Stored data entries
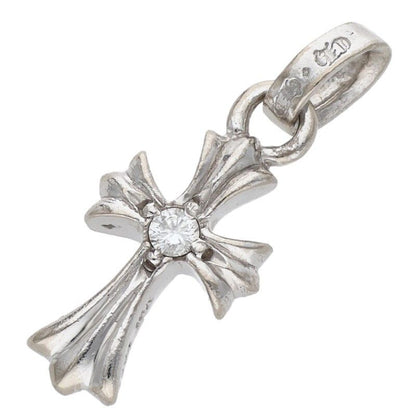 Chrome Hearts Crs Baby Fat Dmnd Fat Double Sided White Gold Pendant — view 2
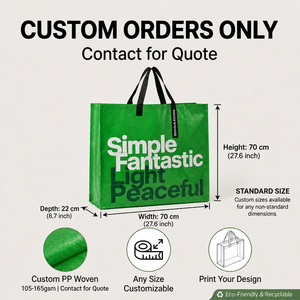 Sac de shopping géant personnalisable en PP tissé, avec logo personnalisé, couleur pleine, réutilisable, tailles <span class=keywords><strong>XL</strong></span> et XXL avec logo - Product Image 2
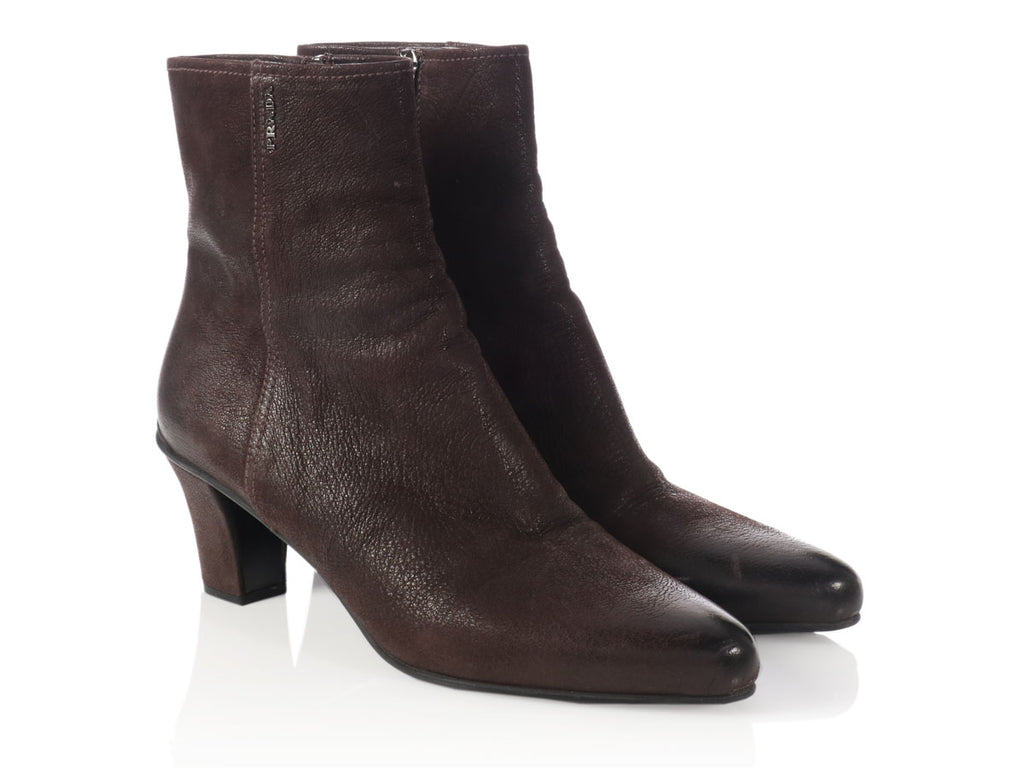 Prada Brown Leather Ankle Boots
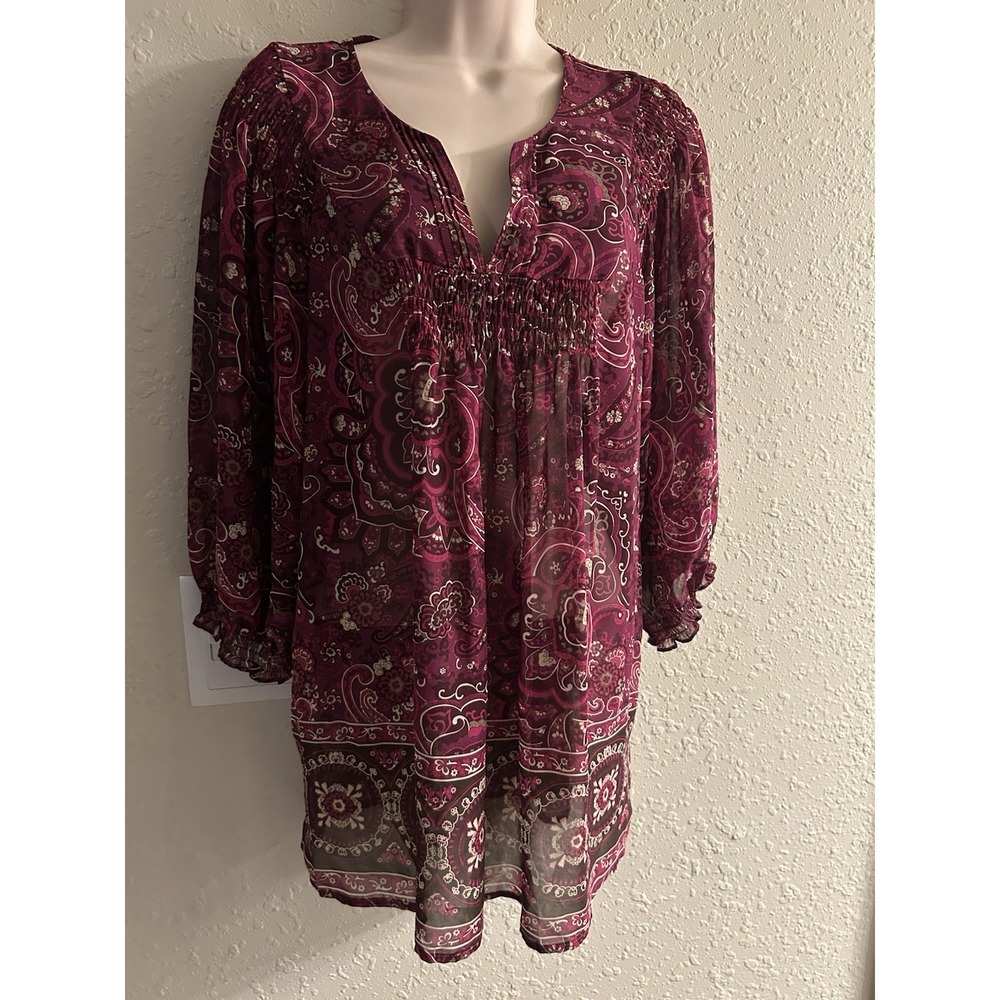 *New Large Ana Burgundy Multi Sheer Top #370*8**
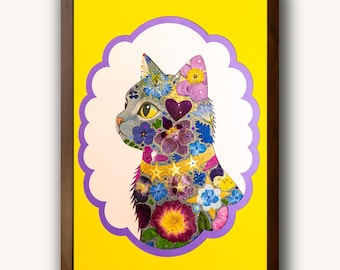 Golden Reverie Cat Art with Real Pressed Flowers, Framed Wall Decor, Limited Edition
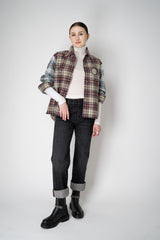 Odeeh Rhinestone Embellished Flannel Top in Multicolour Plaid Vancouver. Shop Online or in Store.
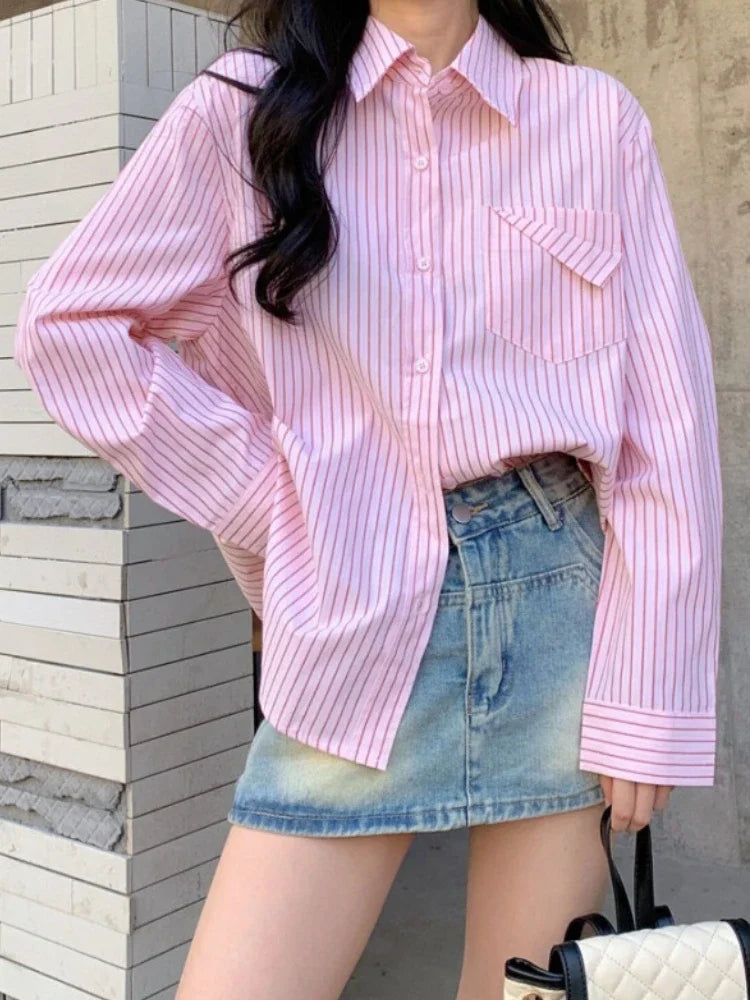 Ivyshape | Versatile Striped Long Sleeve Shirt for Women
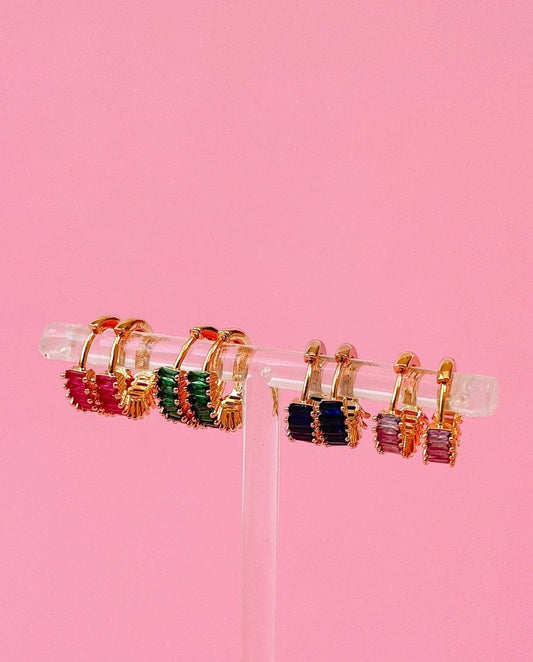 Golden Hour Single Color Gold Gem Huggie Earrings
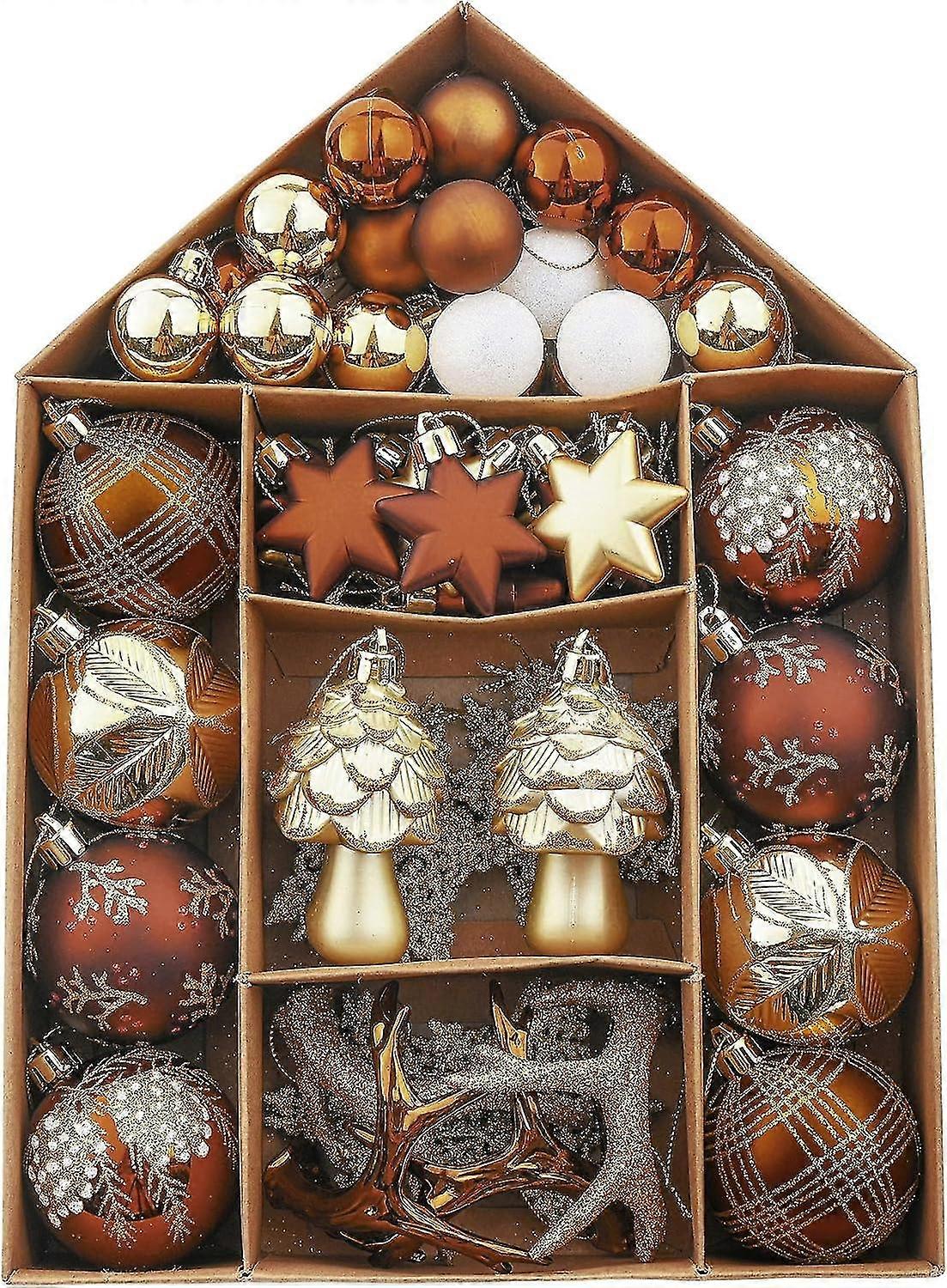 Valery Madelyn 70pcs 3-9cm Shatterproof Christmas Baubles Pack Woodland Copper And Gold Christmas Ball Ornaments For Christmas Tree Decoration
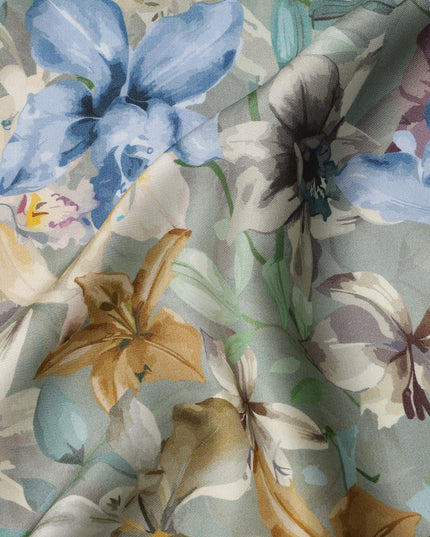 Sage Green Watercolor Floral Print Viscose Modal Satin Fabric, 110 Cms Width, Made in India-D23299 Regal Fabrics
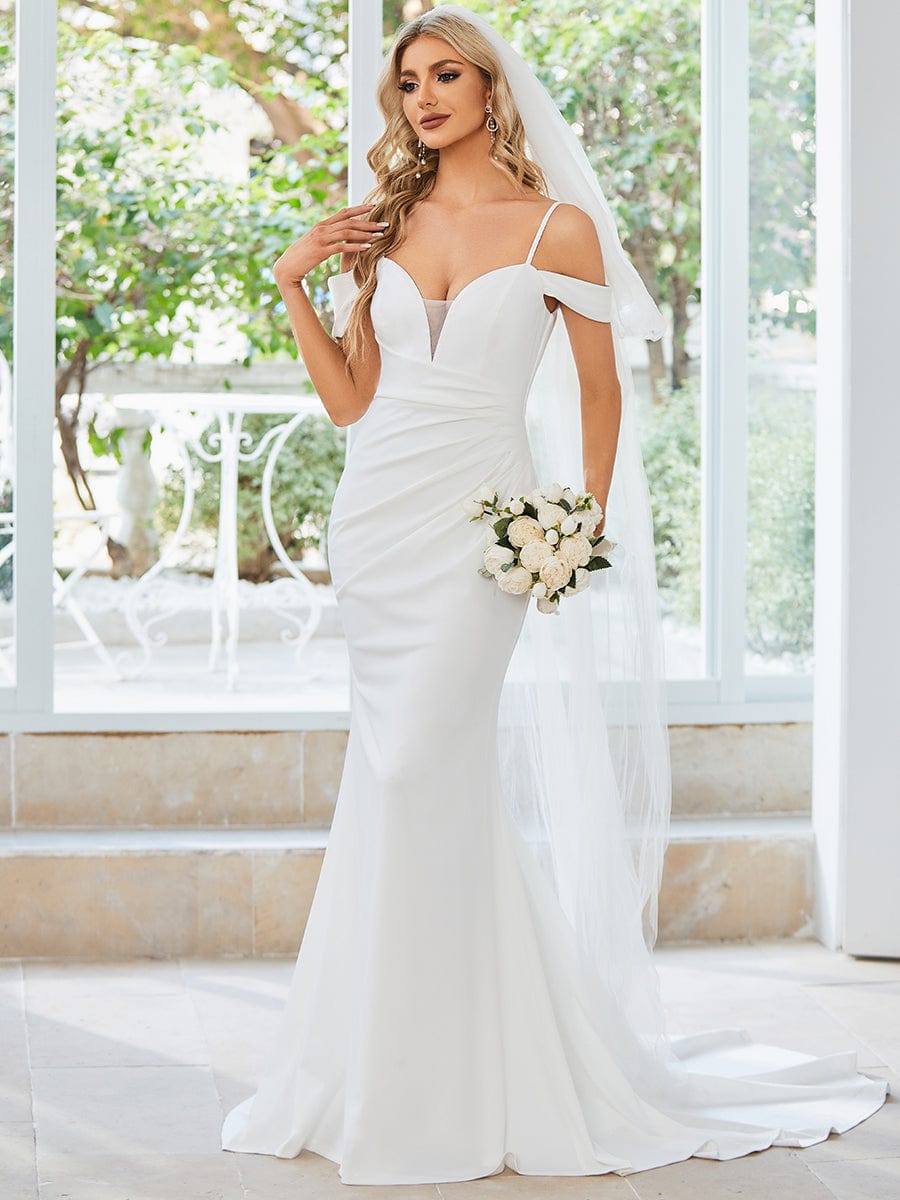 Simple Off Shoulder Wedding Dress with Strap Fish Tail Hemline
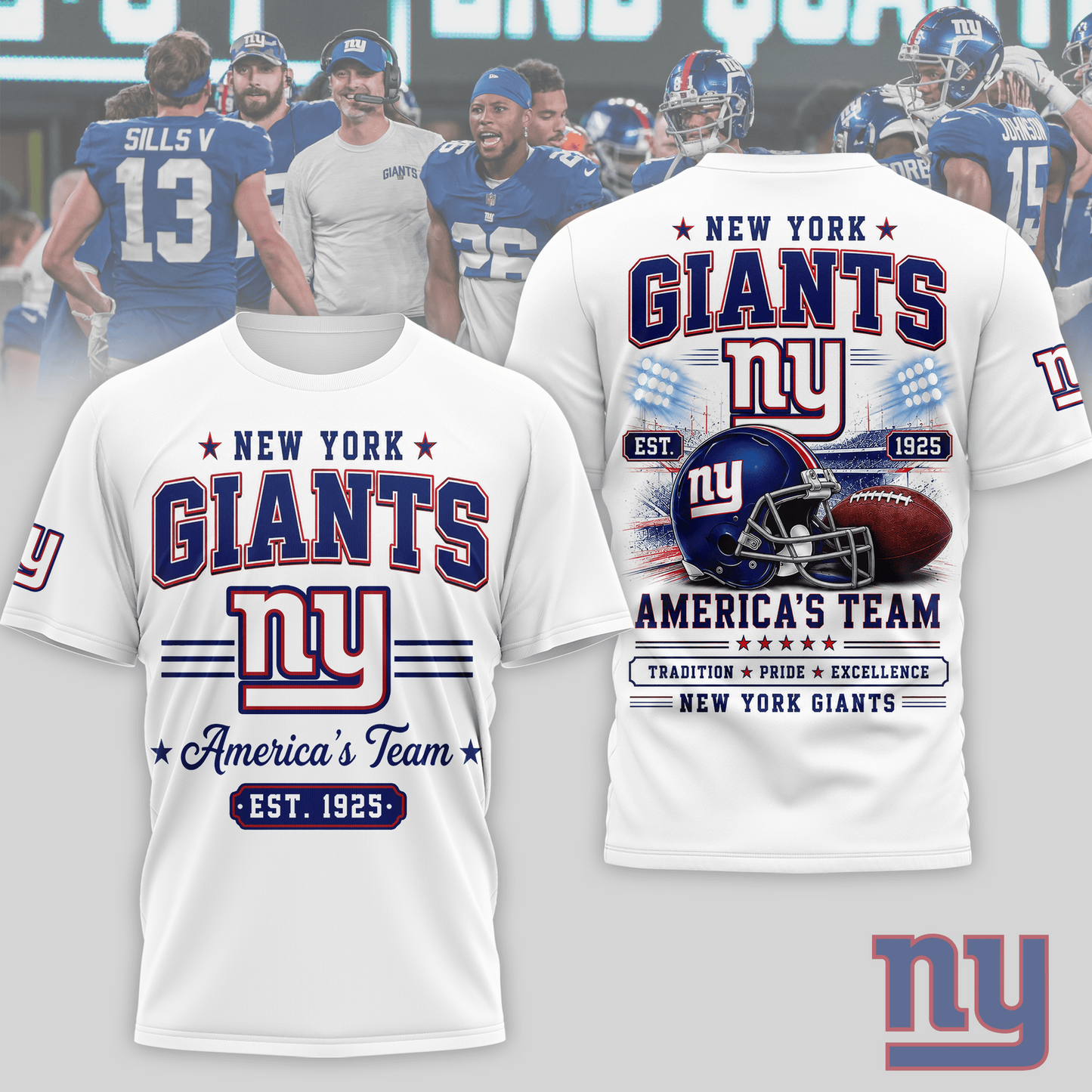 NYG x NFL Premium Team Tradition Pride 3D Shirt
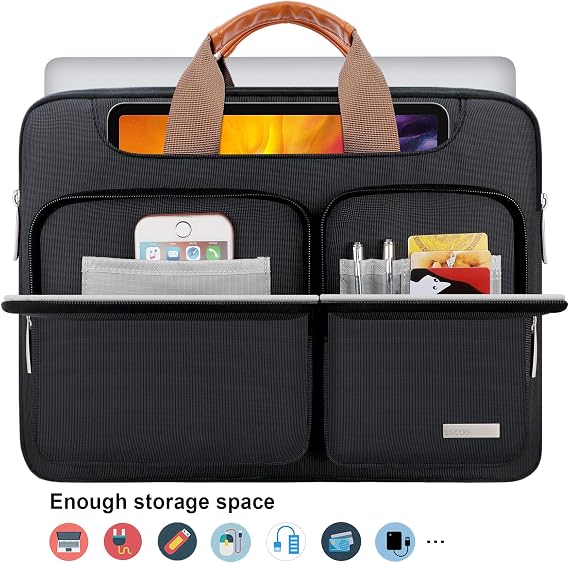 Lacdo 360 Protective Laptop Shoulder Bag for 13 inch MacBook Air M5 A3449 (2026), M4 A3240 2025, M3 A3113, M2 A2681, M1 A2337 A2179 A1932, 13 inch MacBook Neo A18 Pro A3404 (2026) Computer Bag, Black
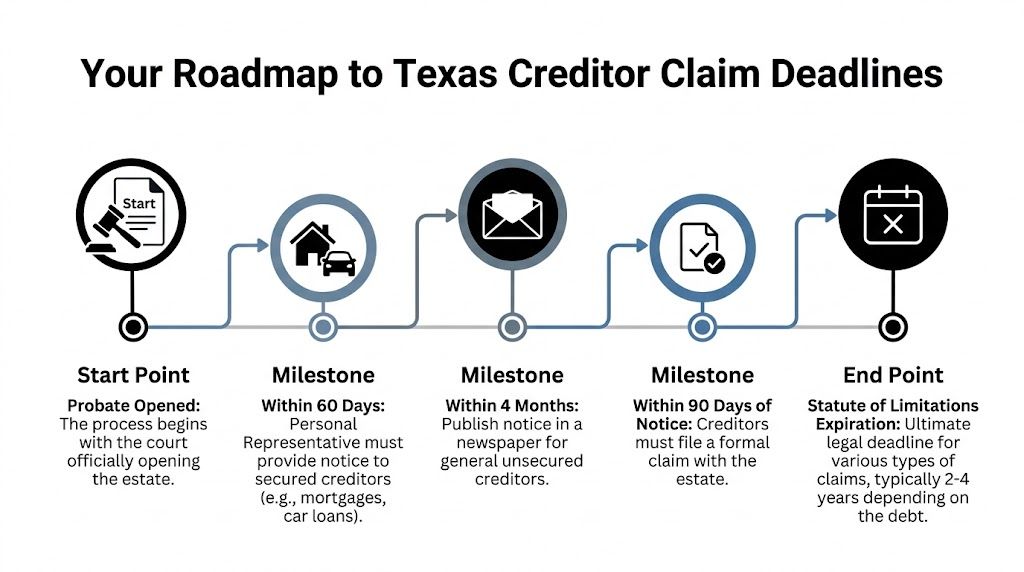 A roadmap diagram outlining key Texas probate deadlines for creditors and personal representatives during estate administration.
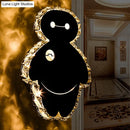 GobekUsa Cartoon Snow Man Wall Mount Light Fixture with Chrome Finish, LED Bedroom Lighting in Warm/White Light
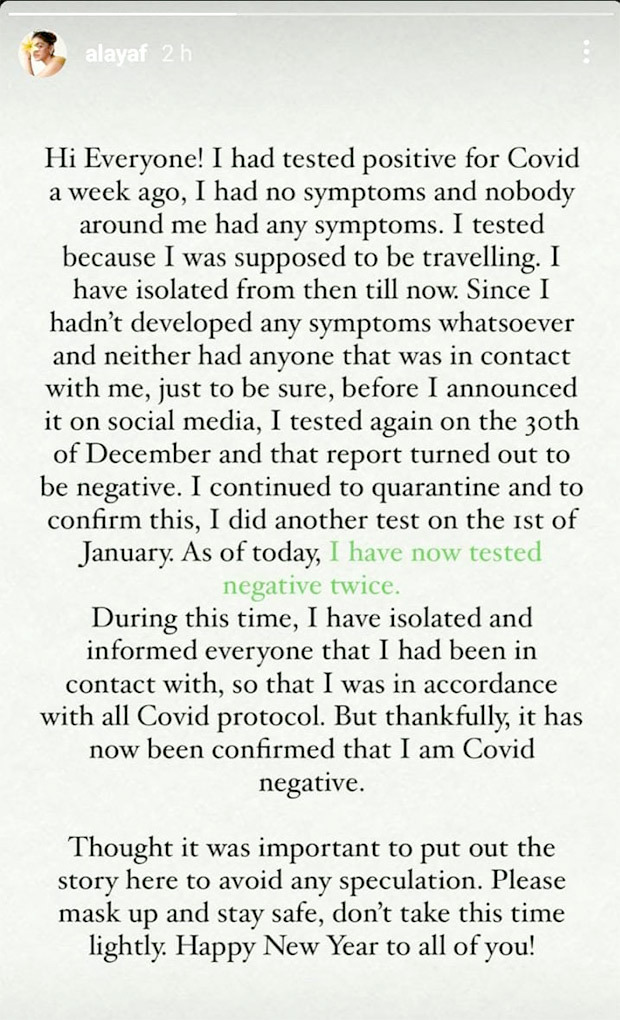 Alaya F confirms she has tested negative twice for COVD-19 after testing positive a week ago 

* _Exercise_: Repeat only the lines between the start of the data and the line with "Sheer Top #370*8**", including those two lines, and skip the pictures.

* _Solution for this problem_:
 Chrome Hearts Crs Baby Fat Dmnd Fat Double Sided White Gold Pendant — view 2
 Sac de shopping géant personnalisable en PP tissé, avec logo personnalisé, couleur pleine, réutilisable, tailles <span class=keywords><strong>XL</strong></span> et XXL avec logo - Product Image 2
 Prada Brown Leather Ankle Boots
 *New Large Ana Burgundy Multi Sheer Top #370*8**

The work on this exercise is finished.